Tanimoto coefficient distance measure

2019-06-27 08:56发布

问题:

Can two objects have identical cosine and Tanimoto coefficient distance measure, where

Tanimoto distance measure, d(x,y) = x.y / (|x|*|x|) + (|y|*|y|)- x*y

and

cosine measure, d(x,y) = x.y /(|x|* |x|) * (|y| *|y|)

回答1:

The Tanimoto similarity coefficient (which is not a true distance measure) is defined by

d(x,y) = x.y / ((|x|*|x|) + (|y|*|y|)- x.y)

for bit vectors x and y.

Now compare that with the cosine similarity coefficent,

 d(x,y) = x.y / (|x| * |y|)

The denominators differ by a x.y term. The Tanimoto and cosine similarity coefficients would be the same if x.y is zero.

Geometrically, x.y is zero if and only if x and y are perpendicular.

Since x and y are bit vectors (i.e. whose values in each dimension can only be 0 or 1), x.y equalling zero means

x1*y1 + x2*y2 + ... + xn*yn = 0

If xi*yi = 1*1 = 1, then the whole sum would be positive.

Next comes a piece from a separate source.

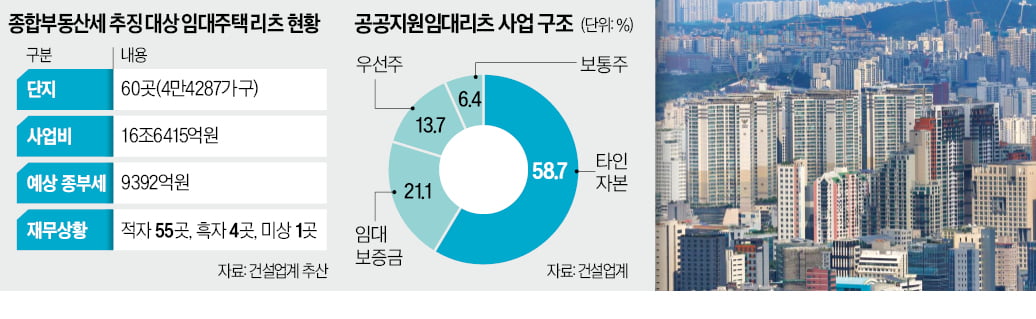 '코드 오류' 임대사업자, '종부세 폭탄' 피할듯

For the whole sum to be zero, no term xi*yi can equal 1. They must all equal 0:

So

x1*y1 = 0
x2*y2 = 0
...
xn*yn = 0

In other words, if xi is 1, then yi must be 0, and vice versa.

So there are tons of examples where the Tanimoto similarity is equal to the cosine similarity:

x = (0,1,0,1)
y = (1,0,0,0)

for instance.



回答2:

Even though the general form of Tanimoto distance was presented, you must always remember that, computationally, there is a binary form and continuous form.

The binary form is:

d(x,y) = n(X ∩ Y) / [ n(X) + n(Y) - n(X ∩ Y) ]

while the continuous form is:

d(x,y) = X.Y / (||X|| + ||Y|| - X.Y )

The difference is clear. If a coder is working for you, you must instruct them that n(X ∩ Y), n(X), n(Y) only involving counting the number of ones in the vectors. Whereas for ||X|| and ||Y|| you must state that the square root of (X1^2 + X2^2 + ... Xp^2) is required since ||X|| is the length of the vector X from the origin (also called the norm). Taking square roots for the binary form is unnecessary and would be computationally expensive (wasteful) for big data mining, since irrational math functions are expensive. However, for the continuous variant, you must use the square root.

In summary, always remember that for Tanimoto distance, there are two types: binary and continuous.